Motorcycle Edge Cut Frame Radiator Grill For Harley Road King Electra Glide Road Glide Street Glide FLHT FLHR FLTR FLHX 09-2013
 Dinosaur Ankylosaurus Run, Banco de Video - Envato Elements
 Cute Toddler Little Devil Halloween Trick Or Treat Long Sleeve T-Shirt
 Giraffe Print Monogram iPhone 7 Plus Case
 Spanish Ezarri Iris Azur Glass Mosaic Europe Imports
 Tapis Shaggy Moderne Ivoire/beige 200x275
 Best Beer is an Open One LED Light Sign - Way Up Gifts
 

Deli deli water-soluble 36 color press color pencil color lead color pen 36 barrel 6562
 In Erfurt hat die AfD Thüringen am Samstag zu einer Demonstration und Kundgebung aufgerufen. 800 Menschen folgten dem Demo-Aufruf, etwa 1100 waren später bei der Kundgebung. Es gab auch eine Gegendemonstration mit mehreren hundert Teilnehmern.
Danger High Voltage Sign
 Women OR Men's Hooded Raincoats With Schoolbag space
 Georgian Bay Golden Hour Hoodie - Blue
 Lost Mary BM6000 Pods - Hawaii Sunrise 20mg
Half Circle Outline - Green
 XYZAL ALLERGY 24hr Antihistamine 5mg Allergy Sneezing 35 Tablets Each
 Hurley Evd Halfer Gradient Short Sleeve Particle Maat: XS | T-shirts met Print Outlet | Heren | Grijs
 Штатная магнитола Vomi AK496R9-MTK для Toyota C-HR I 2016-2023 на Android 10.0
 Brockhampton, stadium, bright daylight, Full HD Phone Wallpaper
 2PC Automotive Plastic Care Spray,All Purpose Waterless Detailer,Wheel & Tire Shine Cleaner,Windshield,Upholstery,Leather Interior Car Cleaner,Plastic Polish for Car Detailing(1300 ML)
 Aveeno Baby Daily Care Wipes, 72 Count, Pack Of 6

* * * * * * *

§ What the exercise asks
Between the first line of the entries above and the line with "Women OR Men's", both included, copy every line exactly and nothing outside that range.

§ Response
Motorcycle Edge Cut Frame Radiator Grill For Harley Road King Electra Glide Road Glide Street Glide FLHT FLHR FLTR FLHX 09-2013
 Dinosaur Ankylosaurus Run, Banco de Video - Envato Elements
 Cute Toddler Little Devil Halloween Trick Or Treat Long Sleeve T-Shirt
 Giraffe Print Monogram iPhone 7 Plus Case
 Spanish Ezarri Iris Azur Glass Mosaic Europe Imports
 Tapis Shaggy Moderne Ivoire/beige 200x275
 Best Beer is an Open One LED Light Sign - Way Up Gifts
 

Deli deli water-soluble 36 color press color pencil color lead color pen 36 barrel 6562
 In Erfurt hat die AfD Thüringen am Samstag zu einer Demonstration und Kundgebung aufgerufen. 800 Menschen folgten dem Demo-Aufruf, etwa 1100 waren später bei der Kundgebung. Es gab auch eine Gegendemonstration mit mehreren hundert Teilnehmern.
Danger High Voltage Sign
 Women OR Men's Hooded Raincoats With Schoolbag space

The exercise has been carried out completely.